Exercise 9.2: Building dashboards¶
Choose to do any (one, two, or all) of the following.
a) In Exercise 6.3, you performed graphical exploratory data analysis with the Darwin finch beak data set. Revisit that data set and build a dashboard for exploring it. You might want to think about adding things like summary statistics with confidence intervals as well.
b) In Lesson 28, we explored a data set with flow cytometry results. Build a dashboard for that data set, possibly allowing for manual or automating gating (this will require reading up on some documentation). You may want to think about in what contexts of your dashboard is datashading necessary.

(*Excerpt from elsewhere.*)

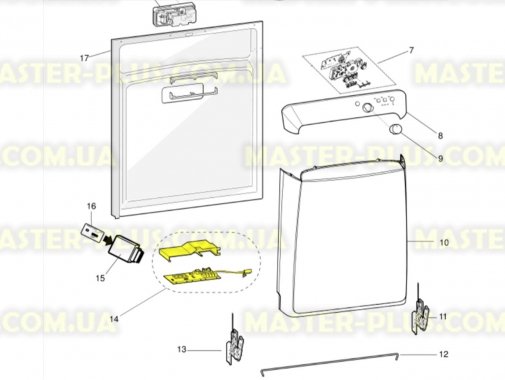 

Модуль (плата управления) Indesit C00272690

c) Build a dashboard to explore a data set from either a data repository that is of interest to you, or from your own research.
Solution¶
[1]:
import numpy as np
import pandas as pd
import bokeh.io
import bokeh.plotting
import bokeh_catplot
import holoviews as hv
import holoviews.operation.datashader
hv.extension('bokeh')
import panel as pn
pn.extension()
bokeh.io.output_notebook()
a) For my dashboard, I will plot a scatter plot of beak length versus beak depth for each of the two species, allowing selection of which year the user wants highlighted. This is really the only plot I want control of; I would like to view the ECDFs in static plots.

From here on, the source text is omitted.